El domingo 25 de diciembre, temprano por la mañana, Angelito subió hasta la azotea. Tenía unos sesenta años y vivía en el cuarto piso del edificio. Pidió permiso con mucha parsimonia y amabilidad para revisar los tanques del agua. Después comprendí que confundí la tristeza con la parsimonia. Dijo que hacía días que no entraba agua a su casa. Lo dejé subir hasta los tanques y, sin perder tiempo, se lanzó a la calle. Cuarenta y cinco metros de vuelo libre.
Los primeros que se acercaron al cadáver aplastado contra el asfalto fueron dos perros callejeros. Comieron un buen pedazo del cerebro sangrante y caliente. Encontraron un rico bocado para el desayuno.
Los viejos y la gente mayor le dieron importancia. Mostraron interés. Era el quinto muerto en el barrio en pocos días. Lily, la bodeguera, me dijo: «En este mes las personas bien nacidas no viajan, no hacen negocios ni se meten en fiestas y tumultos. Los religiosos saben que el año se lleva y el año trae». Los jóvenes no se preocuparon. Para los jóvenes la muerte no existe. Está demasiado distante.
Hacía años que Angelito andaba siempre borracho. Toda la familia se dispersó: una hija jineteó hasta que logró casarse y se fue a un pueblo de Segovia, de esposa complaciente. Otro se le fue en una balsa para Miami. La mujer de ése, cuando se vio sin marido y con un hijo adolescente, renació como la viuda alegre y comenzó a cantar y bailar en un grupo de salsa, hasta que por un golpe de suerte se vio de repente en México haciendo un programa de radio: «Lady Salsa». Angelito se quedó con su mujer —siempre fajados y gritándose a todas horas— y con su nieto, el hijo de Lady Salsa y del balsero. Después la mujer se murió de un infarto al corazón y el viejo vivía solo con su nieto, Eduardo, amigo mío.
Nadie se acordaba que era el Día de Pascuas. Los jóvenes nada sabían de eso. Sólo escuchaban a los viejos hablar algo de Nochebuena y de Navidad. Fue un domingo hermoso y frío, con un sol brillante y un mar furioso, con toda la espuma blanca rompiendo sobre el Malecón y atrás el azul intenso y profundo. Y un cielo con unos ripios de nubes volando rápidamente entre el viento frío que soplaba fuerte desde el norte. Ni siquiera esa visión de paraíso logró disuadir al viejo. Se lanzó al vacío de todos modos.

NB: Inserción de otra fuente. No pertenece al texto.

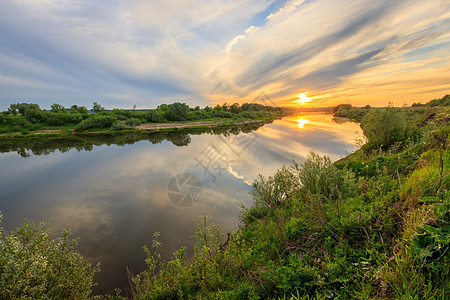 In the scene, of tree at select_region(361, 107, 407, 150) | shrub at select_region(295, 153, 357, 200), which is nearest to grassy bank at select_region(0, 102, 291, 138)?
tree at select_region(361, 107, 407, 150)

Eduardo fue con la policía. Levantaron un acta. Regresó al mediodía y fue a buscarme a la azotea. Yo tenía un buen cargamento de alcohol escondido en mi cuarto. Y él estaba alegre.

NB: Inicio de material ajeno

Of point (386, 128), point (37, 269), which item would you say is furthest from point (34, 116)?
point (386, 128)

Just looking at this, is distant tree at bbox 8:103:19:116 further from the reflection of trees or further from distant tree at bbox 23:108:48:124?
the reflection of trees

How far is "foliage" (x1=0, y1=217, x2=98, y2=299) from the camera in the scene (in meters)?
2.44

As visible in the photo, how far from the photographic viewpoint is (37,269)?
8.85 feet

—Acere, vamos a hacer tremendo negocio esta noche.
—¿Por qué? ¿Tú no estás con el lío de tu abuelo?
—No, no. Ya terminé. Dicen que Medicina Legal me avisa después para no sé qué. ¿Todavía tienes alcohol?
—Sí, vendí algunas botellas, pero poco.
—Mira, conseguí doscientos Meprobamato. Esta noche hay un grupo de frickies citándose en el cementerio de Colón. Con diez botellas que lleves está bueno.
—¡Bárbaro! ¿A cómo tiramos eso?
—Un fula la botella y un fula el paquete de veinte pastillas.
—Está bien, acere.
—Oye, Pedro Juan, no me falles. A eso de las once te recojo y salimos echando.
—¿Tú has ido otras veces?
—Olvídate de eso. Ya tengo el contacto para entrar y no hay lío.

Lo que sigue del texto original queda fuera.